Две гигантские капли Нормана Фостера - одна для мэрии Лондона, другая для
нового музыкального центра в Ньюкастле - отмечены этими недостатками: внутреннее
пространство и открытые конструкции выглядят гораздо более убедительно,
чем способ, которым здания встроены в существующий контекст. Напротив,
его здание штаб-квартиры компании Swiss Re-«рафинированная», растянутая
по вертикали капля, - выполняет прежде всего градостроительную функцию,
работая как ориентир и городская достопримечательность. Вначале предполагалось,
что здание будет иметь форму яйца, но затем, после изучения ветровых нагрузок
и конструктивных расчетов, форма здания изменилась, породив целый ряд
других природных метафор - не только бурно обсуждавшийся в бульварной прессе
«корнишон», но и куда более убедительные и приятные - такие как, например, «сосновая
шишка» и «ананас». Пронизывающие здание спиральные световые колодцы и изящество
деталировки усилили воздействие этих метафор, придав им дополнительную многозначительность
и загадочность. Возможность воплотить в материале самоподобные формы, уложившись
при этом в разумный бюджет, в данном случае была достигнута с помощью компьютера.
Энтазис небоскреба, подобно энтазису дорической колонны, возвестил о рождении
новой «разумной красоты» -красоты, возникшей благодаря развитию цифровых технологий.

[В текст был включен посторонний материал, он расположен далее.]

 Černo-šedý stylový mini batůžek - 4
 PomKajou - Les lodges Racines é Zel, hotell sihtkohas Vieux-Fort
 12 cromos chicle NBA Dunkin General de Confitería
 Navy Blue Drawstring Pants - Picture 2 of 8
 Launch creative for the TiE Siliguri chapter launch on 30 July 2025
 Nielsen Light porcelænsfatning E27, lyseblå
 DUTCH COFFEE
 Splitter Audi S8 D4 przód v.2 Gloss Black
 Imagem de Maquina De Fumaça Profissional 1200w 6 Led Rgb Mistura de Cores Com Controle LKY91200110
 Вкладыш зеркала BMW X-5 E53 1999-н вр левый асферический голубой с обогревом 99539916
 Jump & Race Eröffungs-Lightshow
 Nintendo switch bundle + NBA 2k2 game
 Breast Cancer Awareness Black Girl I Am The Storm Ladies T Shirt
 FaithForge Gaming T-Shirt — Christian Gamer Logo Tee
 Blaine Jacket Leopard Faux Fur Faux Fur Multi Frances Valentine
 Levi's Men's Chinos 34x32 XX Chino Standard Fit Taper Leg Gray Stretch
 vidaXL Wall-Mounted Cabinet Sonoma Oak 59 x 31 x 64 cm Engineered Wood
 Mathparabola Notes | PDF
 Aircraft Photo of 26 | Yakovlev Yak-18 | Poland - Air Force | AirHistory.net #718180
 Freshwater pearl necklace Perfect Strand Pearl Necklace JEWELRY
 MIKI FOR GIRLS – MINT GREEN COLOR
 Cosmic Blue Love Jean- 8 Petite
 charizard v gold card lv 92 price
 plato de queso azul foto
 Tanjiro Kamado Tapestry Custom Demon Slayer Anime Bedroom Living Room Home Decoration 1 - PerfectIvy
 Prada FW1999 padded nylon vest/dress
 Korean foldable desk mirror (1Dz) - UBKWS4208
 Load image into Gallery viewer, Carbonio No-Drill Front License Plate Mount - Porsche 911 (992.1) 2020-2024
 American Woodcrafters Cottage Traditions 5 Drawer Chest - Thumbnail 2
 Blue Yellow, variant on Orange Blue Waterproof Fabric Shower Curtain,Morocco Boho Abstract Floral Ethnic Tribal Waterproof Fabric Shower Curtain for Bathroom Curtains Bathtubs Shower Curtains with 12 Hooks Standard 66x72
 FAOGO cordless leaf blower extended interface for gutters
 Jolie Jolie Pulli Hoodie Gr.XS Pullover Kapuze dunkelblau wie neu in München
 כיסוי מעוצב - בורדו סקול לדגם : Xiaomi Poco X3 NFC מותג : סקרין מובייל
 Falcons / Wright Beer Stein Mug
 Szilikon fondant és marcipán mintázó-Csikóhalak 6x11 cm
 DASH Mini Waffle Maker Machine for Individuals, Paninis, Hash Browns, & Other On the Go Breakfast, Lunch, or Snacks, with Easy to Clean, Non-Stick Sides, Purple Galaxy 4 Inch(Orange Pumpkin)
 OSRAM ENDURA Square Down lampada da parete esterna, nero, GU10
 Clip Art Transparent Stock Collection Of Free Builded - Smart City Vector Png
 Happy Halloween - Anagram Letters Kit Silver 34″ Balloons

Некоторые изменения в творчестве Фостера, перешедшего от декартовой системы к
грамматике капель, знаменуют поворот господствующих в архитектурной практике
тенденций к новой парадигме. Этим изменениям предшествовали многочисленные «скульптурные»
эксперименты - к примеру, работа Вила Олсопа (Will Alsop) в Марселе и целая серия
построек Фрэнка Гери в Европе, Японии и Америке. После открытия в 1997 году музея
Гуггенхайма в Бильбао, построенного по проекту Гери, многие архитекторы осознали,
что возник принципиально новый тип здания, который повлечет за собой отказ от
многих прежних стереотипов. «Здание-достопримечательность» (кстати, довольно
показательный эвфемизм, узурпировавший место прежнего понятия «памятник архитектуры»)
собирает вокруг себя в единую композицию старый индустриальный город и его окрестности
- реку, поезда, автомобили, мосты и горы, - реагируя на нюансные изменения погоды
и освещения. Важно то, что архитектурные формы в данном случае заставляют думать,
прочерчивая интригующие смысловые связи между природными явлениями и той центральной
ролью, которую музей сегодня играет в мировой культуре. Действительно, в силу
так называемого эффекта Бильбао, этот метод -который можно обозначить как прием
создания «загадочного означающего»{2} стал постепенно ведущим методом проектирования
крупных общественных сооружений и в особенности музеев. Этот подход, отчасти
имевший место уже при создании капеллы Роншан и здания Сиднейской оперы в 50-е
годы, сегодня является доминирующей конвенцией в рамках новой архитектурной парадигмы.
Питер Эйзенман, Рэм Колхаас, Даниэль Либескинд, Coop Himmelb(l)au, Заха Хадид,
Morphosis, Эрик Мосс и даже архитекторы сегодняшнего мейнстрима - такие, как
Ренцо Пиано -проектируют странные, провоцирующие на интерпретацию формы, как
если бы архитектура превратилась в одно из направлений сюрреалистической скульптуры.
Отчасти это действительно так, и результат порой представляет собой не более
чем непомерно разросшееся псевдоискусство, однако причины этой неожиданной трансформации,
безусловно, заслуживают подробного анализа.